霊長類学者で「人間はゴリラに学ぶべきだ」と説く山極壽一氏の講演をはじめて聞いたのは、比叡山延暦寺のとき。とても、衝撃的だった。そのときは、人間の生きる本質を見出しているように感じた。同時に、そこでお会いしてすっかり虜になった、経済学者・宇沢弘文氏 を父親にもち、その理論(社会的共通資本)の紹介と社会実装に向けて活動する占部まりさんのダブル講演があった。
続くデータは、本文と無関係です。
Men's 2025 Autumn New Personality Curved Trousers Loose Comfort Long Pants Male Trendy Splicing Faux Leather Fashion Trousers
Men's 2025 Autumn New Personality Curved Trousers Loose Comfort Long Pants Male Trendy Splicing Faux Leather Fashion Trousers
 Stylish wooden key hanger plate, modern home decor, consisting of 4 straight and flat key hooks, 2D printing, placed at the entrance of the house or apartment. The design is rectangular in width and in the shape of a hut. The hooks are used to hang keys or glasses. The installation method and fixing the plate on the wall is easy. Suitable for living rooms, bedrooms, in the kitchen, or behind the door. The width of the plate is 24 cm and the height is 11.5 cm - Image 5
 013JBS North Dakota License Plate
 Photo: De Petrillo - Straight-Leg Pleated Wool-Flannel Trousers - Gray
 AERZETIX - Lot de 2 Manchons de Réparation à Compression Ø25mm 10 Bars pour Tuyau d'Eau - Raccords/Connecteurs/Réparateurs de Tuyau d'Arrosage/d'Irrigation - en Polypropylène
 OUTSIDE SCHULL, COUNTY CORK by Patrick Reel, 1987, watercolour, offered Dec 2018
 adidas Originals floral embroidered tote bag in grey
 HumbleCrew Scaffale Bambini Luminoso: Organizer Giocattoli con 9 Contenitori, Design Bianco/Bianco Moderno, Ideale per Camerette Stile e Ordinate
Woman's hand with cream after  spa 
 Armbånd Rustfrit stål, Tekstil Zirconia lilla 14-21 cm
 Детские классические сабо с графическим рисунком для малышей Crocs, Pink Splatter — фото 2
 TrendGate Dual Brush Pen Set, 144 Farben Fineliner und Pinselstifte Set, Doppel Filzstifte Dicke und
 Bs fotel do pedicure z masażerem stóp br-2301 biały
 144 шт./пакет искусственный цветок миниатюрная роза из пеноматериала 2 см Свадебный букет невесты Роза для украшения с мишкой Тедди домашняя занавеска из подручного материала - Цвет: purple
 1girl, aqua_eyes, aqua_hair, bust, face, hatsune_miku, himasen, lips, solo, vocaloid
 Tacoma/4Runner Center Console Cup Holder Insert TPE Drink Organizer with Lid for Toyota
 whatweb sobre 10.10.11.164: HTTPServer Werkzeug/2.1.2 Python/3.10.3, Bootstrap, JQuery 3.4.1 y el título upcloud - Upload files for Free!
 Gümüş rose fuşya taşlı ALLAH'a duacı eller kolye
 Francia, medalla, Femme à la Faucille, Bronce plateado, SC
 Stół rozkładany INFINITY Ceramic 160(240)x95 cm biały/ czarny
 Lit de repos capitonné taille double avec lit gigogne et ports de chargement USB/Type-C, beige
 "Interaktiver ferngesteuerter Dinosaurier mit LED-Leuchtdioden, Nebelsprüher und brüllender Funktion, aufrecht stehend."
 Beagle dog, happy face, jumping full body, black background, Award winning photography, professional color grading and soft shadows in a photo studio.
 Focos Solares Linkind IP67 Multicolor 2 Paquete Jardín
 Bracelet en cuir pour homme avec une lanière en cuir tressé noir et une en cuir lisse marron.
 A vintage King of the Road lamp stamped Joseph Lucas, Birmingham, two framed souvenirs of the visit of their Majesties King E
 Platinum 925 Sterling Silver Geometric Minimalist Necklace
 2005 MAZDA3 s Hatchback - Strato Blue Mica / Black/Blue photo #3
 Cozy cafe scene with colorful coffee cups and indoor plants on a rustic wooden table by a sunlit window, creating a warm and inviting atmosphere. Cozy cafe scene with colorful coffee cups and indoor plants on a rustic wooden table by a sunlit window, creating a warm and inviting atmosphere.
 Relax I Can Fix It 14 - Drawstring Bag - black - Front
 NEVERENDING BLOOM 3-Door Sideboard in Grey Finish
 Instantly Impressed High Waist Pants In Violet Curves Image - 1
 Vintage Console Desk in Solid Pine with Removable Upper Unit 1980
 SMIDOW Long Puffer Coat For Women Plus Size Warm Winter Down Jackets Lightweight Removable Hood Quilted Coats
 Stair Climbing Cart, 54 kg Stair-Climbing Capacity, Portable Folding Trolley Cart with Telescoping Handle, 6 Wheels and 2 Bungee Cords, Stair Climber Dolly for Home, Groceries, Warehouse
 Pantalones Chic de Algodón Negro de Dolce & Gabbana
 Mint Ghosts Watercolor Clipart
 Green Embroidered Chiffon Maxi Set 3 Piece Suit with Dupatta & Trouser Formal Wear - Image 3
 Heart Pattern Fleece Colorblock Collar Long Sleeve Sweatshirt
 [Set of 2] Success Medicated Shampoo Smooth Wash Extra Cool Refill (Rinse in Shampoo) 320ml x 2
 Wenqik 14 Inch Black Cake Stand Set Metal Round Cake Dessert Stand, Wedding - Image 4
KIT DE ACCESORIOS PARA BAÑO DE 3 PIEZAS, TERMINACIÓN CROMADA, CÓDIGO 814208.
さまざまな角度から現代社会を眺め、未来の社会のあり方と、個人の生き方について考える素適な週末をおくることができた。僕らは、この混沌とした社会にウェルビーイングというゆるい言葉だけで、人と人の関係や、過去と未来を紡いでいってもよいのだろうか? 僕の中で解はない。けれども、あきらかに今の時代において、経済学者宇沢氏が何十年も前に語っていた「社会的共通資本」の考えを意識しないといけに時代にたどりついたのだろう、と思う。
主催:学士会YELL、京都大学同窓会若手会
共催:株式会社eumo
協力:一般社団法人学士会、株式会社GENERYS
あまりに楽しい講演だったので、何から共有すれば良いのか迷ってしまう。そして、うまく僕が感じとったことが、山極先生や占部まりさんの意図することとずれている場合はご容赦ねがいたい。僕の感じたウェルビーイングな生活という視点でお伝えしたいと思う。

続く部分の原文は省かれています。